A Slow Motion Chinese Train Wreck?

All is not well with the US-China economic relationship. And sadly, heightened political friction between the US and China over Taiwan, the Dali Lama, Iran, and Google, all point to a very much more strained economic relationship over the next few months. This poses a very real risk to both the US and the global longer-run economic outlook given China's newfound importance on the global economic stage.

Since 2005, recognizing China's emerging economic importance, the US has been actively engaged with China in a strategic economic policy dialog aimed at laying the basis for better mutual understanding and for securing greater harmonization of economic policies between the two countries. However, if anything is to be learned from this dialog, it is that China and the US have very different views about their respective roles and responsibilities in the global economy. All too often, this is now resulting in periodic finger pointing and hectoring that if unchecked could lead us down the road toward mutually destructive protectionist behavior.

No longer can China be dismissed as a relatively insignificant, albeit rapidly growing, emerging market economy. Rather one now has to recognize China for what it has become through many years of consistently spectacular economic growth.

China now sees the US as a profligate country that lives way beyond its means and that expects the rest of the world to finance its excesses indefinitely. It does not miss the opportunity to lecture the US about its wayward public spending ways and its mushrooming budget deficits. Following the Great Economic Recession and the banking system crisis of 2008, China now also does not hide its disdain for the US economic model and does not miss the opportunity to embarrass the US in global economic forums on its responsibility for the global economic crisis. More menacingly yet, China periodically expresses its displeasure at US gestures towards the Dalai Lama or towards Taiwan, by boycotting US Treasury bond auctions and by publicly voicing concern about China's very large holdings of US Treasury paper. It does so to keep reminding the world of China's enormous financial leverage over the US.

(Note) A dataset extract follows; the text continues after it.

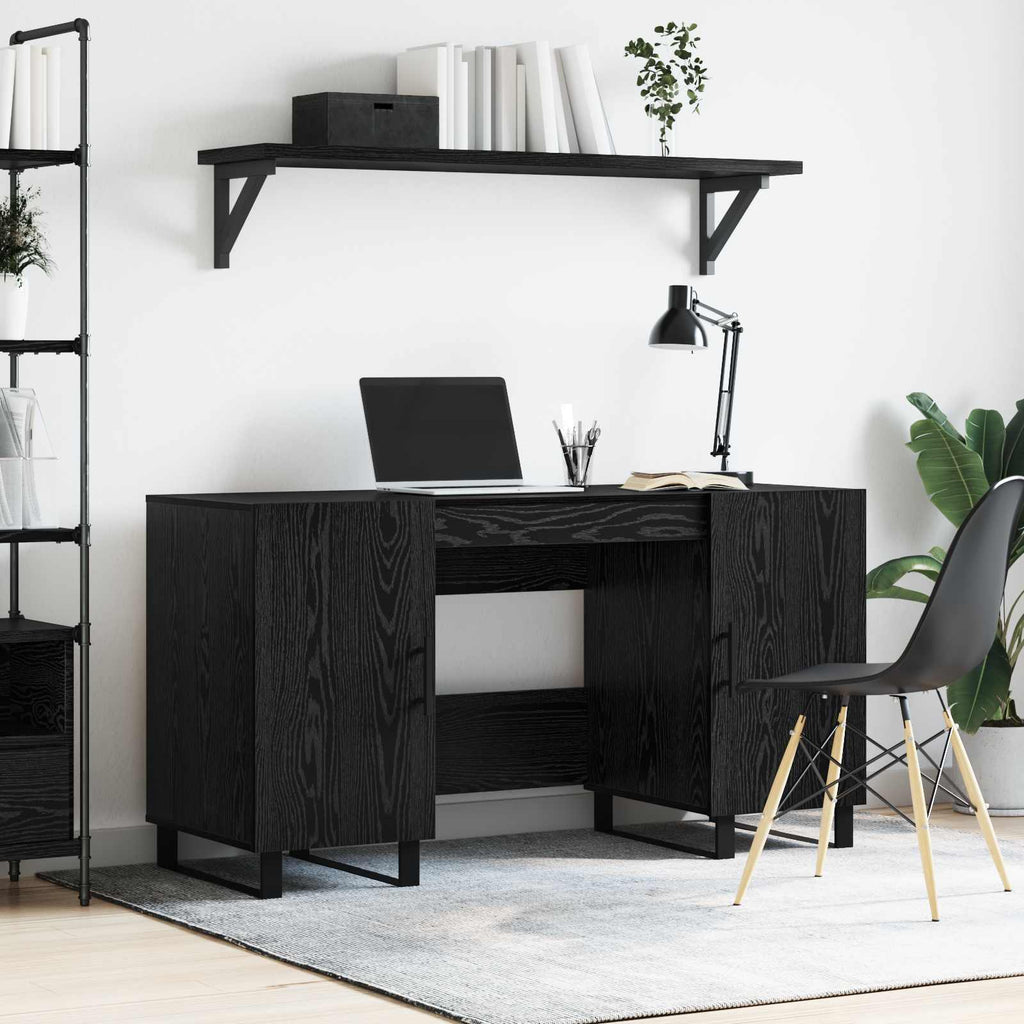 vidaXL Biurko Czarny dąb 140 x 50 x 75 cm Materiał drewnopochodny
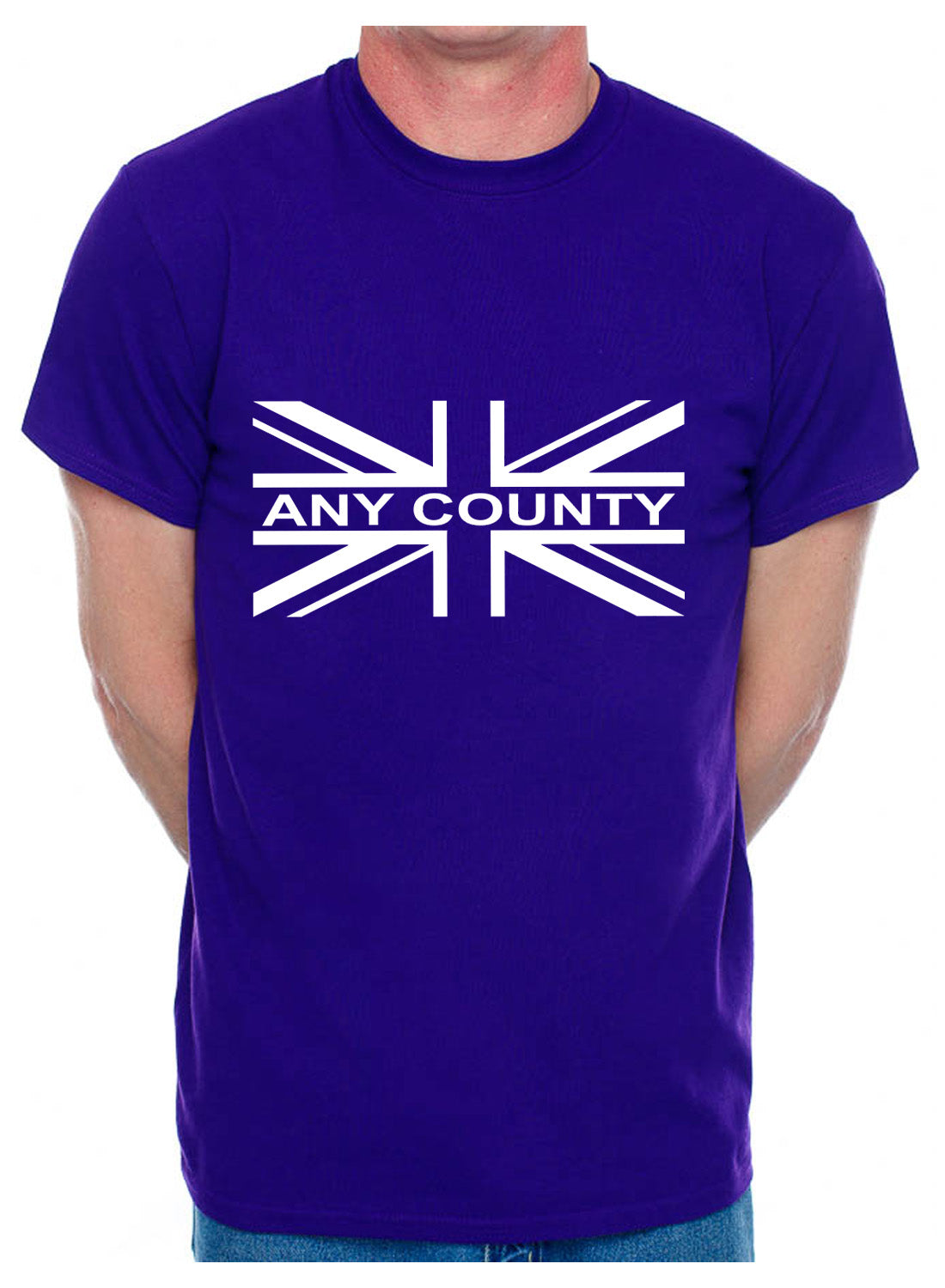 Personalised Mens T-Shirt Union Jack Any County Name Your Choice Of Name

For its part, the US increasingly sees China as a mercantilist country that shamelessly engages in government intervention to promote its export sector at the rest of the world's expense. The US considers that China does so by deliberately keeping its exchange rate grossly undervalued with the objective of giving its exporters an unfair competitive advantage in the global market place. In the process, China has accumulated almost US$2 ½ trillion in international reserves, which can leave little doubt that China engages in massive currency manipulation to its advantage. In recent Congressional testimony, many respected US economists testified that China's currency could be undervalued by as much as 30 percent.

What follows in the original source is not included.